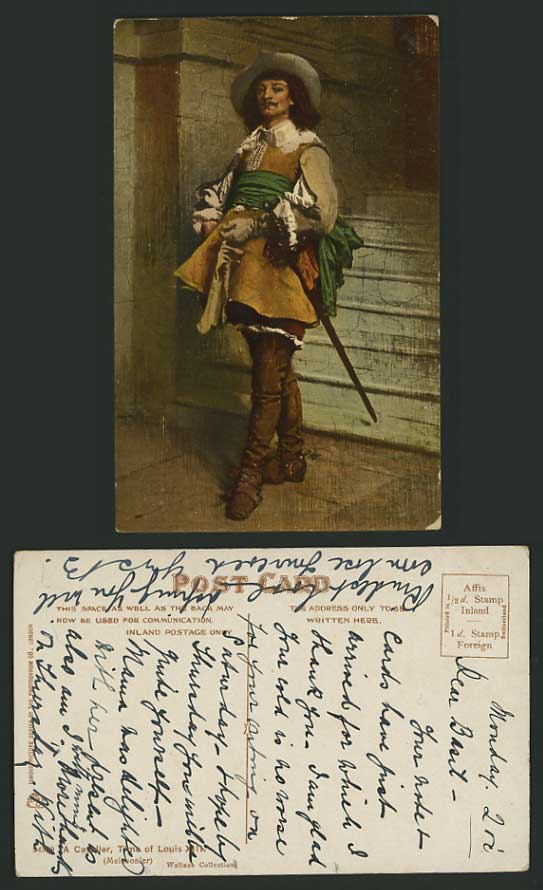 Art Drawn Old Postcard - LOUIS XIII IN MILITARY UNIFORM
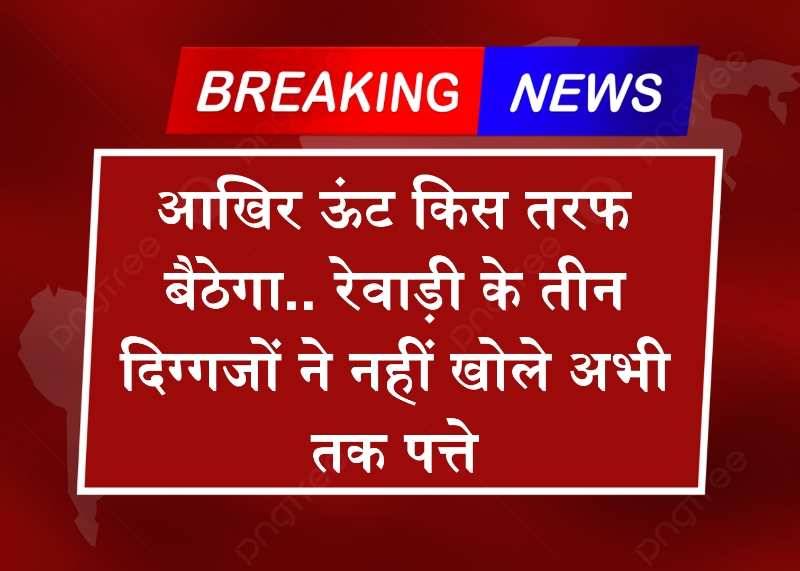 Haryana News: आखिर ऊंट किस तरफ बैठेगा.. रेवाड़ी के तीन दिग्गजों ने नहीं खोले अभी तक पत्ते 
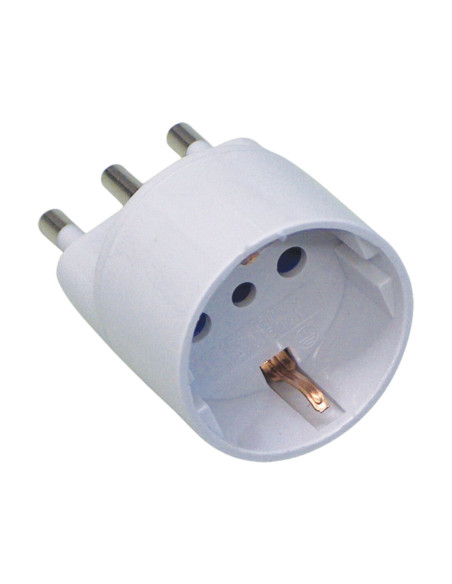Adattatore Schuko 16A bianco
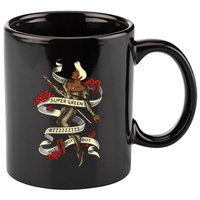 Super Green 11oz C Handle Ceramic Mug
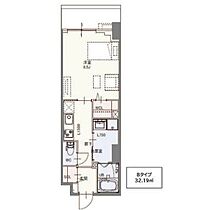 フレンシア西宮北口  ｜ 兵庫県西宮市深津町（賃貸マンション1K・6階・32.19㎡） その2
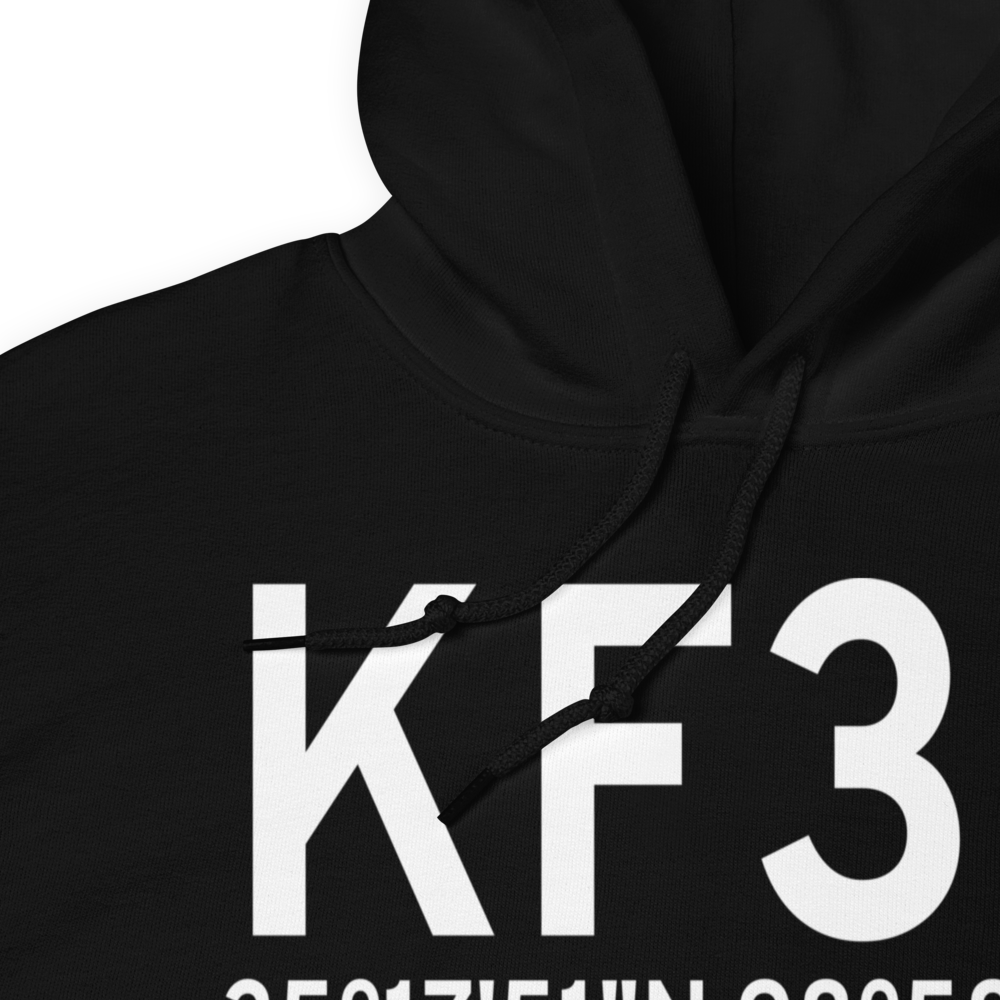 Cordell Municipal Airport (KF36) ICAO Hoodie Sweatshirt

◇ ◇ ◇ ◇

Work item
Without the pictures, restate all of the entries above verbatim.

Completed task
 Art Drawn Old Postcard - LOUIS XIII IN MILITARY UNIFORM
 Haryana News: आखिर ऊंट किस तरफ बैठेगा.. रेवाड़ी के तीन दिग्गजों ने नहीं खोले अभी तक पत्ते 
Adattatore Schuko 16A bianco
 Super Green 11oz C Handle Ceramic Mug
 フレンシア西宮北口  ｜ 兵庫県西宮市深津町（賃貸マンション1K・6階・32.19㎡） その2
 Cordell Municipal Airport (KF36) ICAO Hoodie Sweatshirt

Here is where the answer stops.